Progress in gene discovery technology has expanded the field of AMD treatment research, making ventures into RNA interference and gene therapy possible and helping to establish significant parameters for clinical efficacy. The finding of gene association with current anti-VEGF therapy and growing evidence of treatment with siRNA operating through independent mechanisms point to future research into combination therapy for an increasingly targeted approach. While VEGF Trap-Eye and siRNA are in the near future, further investigation on the pathophysiology and genetics of AMD are needed for novel progress to be made in therapeutic options for AMD. The involvement of oxidative stress, inflammation, lipid metabolism, matrix protein, mitochondrial damage and apoptosis in AMD pathogenesis has been documented and studying these pathways could provide potential new targets for therapy. The role of inflammation in AMD has been confirmed through numerous studies that indicate complement activation as well as macrophage infiltration [17]. A recent report of elevated serum C5a that stimulates production of IL-17 in T lymphocytes and increased serum IL-17 and IL-22 levels in AMD patients [18] points to novel therapeutic strategies for AMD on the horizon.

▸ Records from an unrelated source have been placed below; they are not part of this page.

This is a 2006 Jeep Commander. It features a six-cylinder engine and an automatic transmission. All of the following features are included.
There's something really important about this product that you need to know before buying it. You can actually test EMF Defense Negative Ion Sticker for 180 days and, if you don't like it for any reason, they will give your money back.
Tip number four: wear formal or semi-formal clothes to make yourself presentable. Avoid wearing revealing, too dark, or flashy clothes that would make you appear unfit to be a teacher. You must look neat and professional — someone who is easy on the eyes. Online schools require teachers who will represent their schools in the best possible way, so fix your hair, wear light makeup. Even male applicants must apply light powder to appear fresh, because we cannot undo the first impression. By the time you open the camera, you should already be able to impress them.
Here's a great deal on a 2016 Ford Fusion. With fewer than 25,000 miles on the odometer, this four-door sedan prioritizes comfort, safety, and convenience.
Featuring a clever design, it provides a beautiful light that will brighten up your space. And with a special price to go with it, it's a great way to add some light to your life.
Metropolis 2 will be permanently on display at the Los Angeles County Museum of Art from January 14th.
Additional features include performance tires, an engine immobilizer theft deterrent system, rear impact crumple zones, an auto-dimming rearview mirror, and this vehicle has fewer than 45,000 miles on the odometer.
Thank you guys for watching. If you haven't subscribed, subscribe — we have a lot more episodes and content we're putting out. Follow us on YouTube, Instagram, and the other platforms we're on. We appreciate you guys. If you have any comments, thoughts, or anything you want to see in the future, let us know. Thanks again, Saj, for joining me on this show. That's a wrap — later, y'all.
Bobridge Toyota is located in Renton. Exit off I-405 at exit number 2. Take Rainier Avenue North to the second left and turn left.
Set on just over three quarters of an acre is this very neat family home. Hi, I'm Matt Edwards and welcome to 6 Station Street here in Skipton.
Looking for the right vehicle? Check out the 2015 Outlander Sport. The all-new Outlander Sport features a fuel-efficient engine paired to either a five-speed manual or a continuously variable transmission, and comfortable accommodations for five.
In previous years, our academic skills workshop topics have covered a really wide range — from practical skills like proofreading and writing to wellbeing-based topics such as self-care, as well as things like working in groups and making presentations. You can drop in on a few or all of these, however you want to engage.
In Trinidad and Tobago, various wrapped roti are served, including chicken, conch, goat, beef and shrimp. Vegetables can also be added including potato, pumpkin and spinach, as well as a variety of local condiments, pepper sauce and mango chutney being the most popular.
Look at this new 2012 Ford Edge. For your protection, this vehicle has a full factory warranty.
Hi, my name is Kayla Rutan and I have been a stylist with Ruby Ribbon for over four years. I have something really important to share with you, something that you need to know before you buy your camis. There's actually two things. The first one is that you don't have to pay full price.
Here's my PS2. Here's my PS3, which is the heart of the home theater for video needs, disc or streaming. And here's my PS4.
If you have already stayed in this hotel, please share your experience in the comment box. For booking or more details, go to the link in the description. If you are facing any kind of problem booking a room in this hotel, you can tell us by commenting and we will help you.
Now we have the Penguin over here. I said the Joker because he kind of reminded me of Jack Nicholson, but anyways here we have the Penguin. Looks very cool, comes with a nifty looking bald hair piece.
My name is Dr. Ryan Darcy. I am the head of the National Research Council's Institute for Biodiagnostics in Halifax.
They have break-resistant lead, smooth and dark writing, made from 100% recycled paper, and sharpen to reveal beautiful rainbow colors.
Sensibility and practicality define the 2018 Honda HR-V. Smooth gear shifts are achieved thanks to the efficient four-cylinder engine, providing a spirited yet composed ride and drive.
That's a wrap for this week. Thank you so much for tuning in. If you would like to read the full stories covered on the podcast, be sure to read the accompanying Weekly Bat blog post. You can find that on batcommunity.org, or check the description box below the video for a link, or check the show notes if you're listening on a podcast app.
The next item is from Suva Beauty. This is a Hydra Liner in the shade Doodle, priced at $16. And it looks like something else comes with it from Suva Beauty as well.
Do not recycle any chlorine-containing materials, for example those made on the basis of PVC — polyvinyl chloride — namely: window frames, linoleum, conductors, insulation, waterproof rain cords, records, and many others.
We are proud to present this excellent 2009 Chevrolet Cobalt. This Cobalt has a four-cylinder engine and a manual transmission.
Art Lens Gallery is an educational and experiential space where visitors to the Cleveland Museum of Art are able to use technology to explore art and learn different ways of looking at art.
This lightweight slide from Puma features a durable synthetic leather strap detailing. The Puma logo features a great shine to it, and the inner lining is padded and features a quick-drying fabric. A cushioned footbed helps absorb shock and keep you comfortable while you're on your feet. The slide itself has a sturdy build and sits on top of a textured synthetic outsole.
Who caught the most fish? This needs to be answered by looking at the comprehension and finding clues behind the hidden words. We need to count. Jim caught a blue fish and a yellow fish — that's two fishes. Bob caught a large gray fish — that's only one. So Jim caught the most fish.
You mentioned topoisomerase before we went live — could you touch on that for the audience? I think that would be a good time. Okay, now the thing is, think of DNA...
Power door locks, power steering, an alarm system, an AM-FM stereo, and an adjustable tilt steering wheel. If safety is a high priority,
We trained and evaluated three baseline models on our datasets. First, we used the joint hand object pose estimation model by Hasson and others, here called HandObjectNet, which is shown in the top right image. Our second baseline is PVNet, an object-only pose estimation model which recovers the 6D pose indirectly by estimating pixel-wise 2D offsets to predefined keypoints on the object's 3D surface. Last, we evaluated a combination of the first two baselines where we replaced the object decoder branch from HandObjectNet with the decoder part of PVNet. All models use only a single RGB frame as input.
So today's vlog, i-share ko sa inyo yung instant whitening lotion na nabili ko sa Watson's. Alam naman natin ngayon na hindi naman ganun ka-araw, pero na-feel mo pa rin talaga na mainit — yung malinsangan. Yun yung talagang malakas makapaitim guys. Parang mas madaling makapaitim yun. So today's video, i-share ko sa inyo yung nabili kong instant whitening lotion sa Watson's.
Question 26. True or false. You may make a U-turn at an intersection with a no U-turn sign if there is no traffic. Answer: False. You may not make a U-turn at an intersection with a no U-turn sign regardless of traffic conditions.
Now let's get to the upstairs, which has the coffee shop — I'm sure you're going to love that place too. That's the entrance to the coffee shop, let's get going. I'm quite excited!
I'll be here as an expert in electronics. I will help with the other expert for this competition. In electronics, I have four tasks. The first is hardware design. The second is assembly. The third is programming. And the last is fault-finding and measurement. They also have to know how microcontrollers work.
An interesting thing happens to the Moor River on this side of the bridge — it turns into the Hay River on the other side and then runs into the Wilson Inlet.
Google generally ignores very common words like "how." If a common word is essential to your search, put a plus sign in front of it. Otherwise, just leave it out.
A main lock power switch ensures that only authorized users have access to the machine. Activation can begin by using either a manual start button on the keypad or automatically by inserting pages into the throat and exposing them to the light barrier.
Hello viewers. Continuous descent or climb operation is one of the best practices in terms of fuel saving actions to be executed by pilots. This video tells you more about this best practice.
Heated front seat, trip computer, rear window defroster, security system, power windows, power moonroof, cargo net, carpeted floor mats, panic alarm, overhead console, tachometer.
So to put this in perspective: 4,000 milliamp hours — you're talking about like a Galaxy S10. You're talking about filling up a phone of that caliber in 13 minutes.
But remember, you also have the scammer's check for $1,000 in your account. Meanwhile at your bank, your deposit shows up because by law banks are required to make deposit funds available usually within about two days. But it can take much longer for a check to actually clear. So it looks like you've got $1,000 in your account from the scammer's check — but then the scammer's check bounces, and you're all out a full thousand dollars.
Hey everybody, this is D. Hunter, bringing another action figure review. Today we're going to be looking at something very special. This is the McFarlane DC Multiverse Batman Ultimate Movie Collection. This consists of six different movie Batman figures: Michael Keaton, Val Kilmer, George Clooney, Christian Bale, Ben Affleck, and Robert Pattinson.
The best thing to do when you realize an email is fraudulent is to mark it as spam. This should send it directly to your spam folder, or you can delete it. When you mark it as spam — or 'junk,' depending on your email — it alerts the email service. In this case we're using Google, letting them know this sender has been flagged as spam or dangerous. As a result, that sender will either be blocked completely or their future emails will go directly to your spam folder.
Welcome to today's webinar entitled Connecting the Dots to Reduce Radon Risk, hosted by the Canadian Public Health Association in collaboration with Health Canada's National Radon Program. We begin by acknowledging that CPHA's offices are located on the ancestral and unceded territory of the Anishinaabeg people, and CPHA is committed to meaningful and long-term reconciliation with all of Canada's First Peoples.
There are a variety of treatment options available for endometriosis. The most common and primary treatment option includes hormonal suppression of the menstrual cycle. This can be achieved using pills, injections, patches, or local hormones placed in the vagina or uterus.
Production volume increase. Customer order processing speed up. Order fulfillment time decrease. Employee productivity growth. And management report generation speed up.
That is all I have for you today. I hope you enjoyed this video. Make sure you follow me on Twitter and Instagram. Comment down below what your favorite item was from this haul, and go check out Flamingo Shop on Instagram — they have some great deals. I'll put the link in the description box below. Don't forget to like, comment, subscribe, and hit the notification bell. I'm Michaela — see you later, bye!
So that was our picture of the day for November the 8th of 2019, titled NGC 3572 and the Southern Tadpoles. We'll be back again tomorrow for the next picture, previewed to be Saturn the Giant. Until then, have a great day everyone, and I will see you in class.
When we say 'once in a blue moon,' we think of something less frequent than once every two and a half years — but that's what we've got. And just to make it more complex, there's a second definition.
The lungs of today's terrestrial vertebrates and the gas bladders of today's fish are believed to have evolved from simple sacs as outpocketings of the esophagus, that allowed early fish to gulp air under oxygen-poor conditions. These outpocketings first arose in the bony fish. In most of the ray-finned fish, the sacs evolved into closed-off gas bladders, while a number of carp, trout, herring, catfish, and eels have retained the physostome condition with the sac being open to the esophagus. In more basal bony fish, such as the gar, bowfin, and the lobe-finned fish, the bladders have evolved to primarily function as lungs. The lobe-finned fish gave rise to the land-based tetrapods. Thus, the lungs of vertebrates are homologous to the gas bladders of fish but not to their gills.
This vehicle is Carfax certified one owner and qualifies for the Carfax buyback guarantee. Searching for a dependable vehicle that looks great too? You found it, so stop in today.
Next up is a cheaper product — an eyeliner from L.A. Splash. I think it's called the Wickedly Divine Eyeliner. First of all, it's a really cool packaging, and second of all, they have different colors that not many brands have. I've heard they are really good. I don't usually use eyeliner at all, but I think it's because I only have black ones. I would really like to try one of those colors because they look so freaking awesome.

While novel discovery of AMD-related genes through genomic studies can help elucidate molecular mechanisms of AMD pathogenesis, and thus, aid in the future of drug design, we expect that the immediate and highly relevant need for an appropriate animal model will also play a significant role in the search for AMD therapies [19,20]. Expansion of genetic studies in AMD may also include investigation into noncoding RNAs such as intracellular microRNAs that may play a functional role in pathogenesis as well as extracellular microRNAs that may serve as biomarkers for disease. These important genes encode proteins that should be considered as therapeutic targets. Gene therapy, stem cell treatment and better ocular drug delivery will expand their applications for AMD [19]. Thus, we believe that the future of genetics research and drug design in AMD will emphasize further understanding of molecular mechanisms in AMD.
Acknowledgments
This work was supported by the NEI intramural fund.
Biography

Chi-Chao Chan
Footnotes
Financial & competing interests disclosure
The authors state no conflicts of interest. The authors have no other relevant affiliations or financial involvement with any organization or entity with a financial interest in or financial conflict with the subject matter or materials discussed in the manuscript apart from those disclosed.
No writing assistance was utilized in the production of this manuscript.
Contributor Information
Xi K Chu, Immunopathology Section, Laboratory of Immunology, National Eye Institute, National Institutes of Health, 10 Center Drive, Room 10N103, Bethesda, MD 20892, USA.
Jingsheng Tuo, Immunopathology Section, Laboratory of Immunology, National Eye Institute, National Institutes of Health, 10 Center Drive, Room 10N103, Bethesda, MD 20892, USA.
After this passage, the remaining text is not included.